* [TASK DIRECTIONS]: Both the line containing "Load image into" and the line containing "Blusa in crepe" belong to the span. Output exactly that span from the listing below, and nothing outside it.
INPUT MATERIAL section start
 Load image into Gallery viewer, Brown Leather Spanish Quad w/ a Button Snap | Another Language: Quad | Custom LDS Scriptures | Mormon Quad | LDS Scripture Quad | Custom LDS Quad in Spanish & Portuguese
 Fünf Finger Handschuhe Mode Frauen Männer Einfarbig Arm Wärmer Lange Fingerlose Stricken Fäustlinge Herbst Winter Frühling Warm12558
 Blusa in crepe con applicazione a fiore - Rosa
INPUT MATERIAL section end
INPUT MATERIAL section start
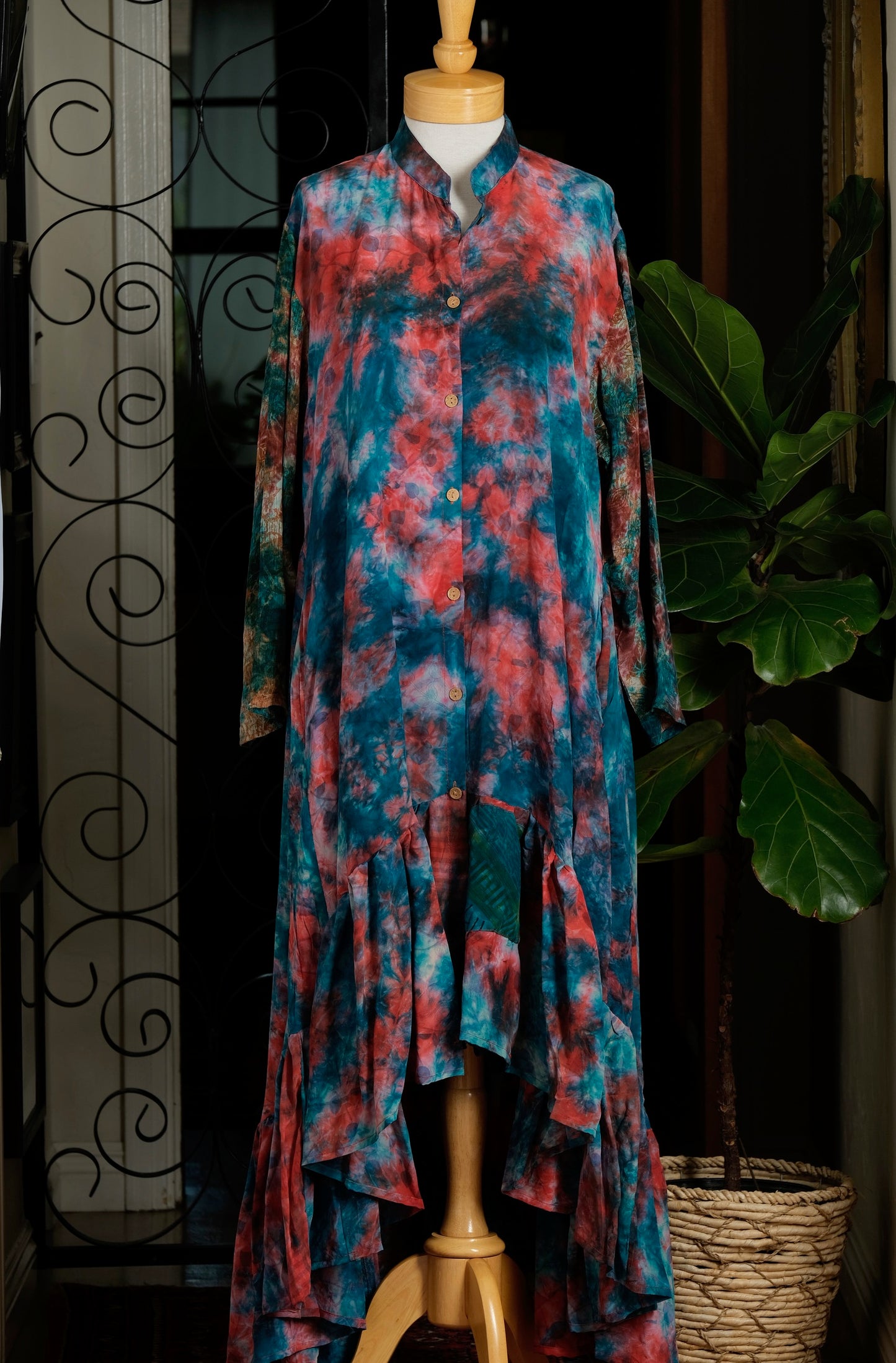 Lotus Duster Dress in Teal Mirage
INPUT MATERIAL section end
* [ANSWER]:
 Load image into Gallery viewer, Brown Leather Spanish Quad w/ a Button Snap | Another Language: Quad | Custom LDS Scriptures | Mormon Quad | LDS Scripture Quad | Custom LDS Quad in Spanish & Portuguese
 Fünf Finger Handschuhe Mode Frauen Männer Einfarbig Arm Wärmer Lange Fingerlose Stricken Fäustlinge Herbst Winter Frühling Warm12558
 Blusa in crepe con applicazione a fiore - Rosa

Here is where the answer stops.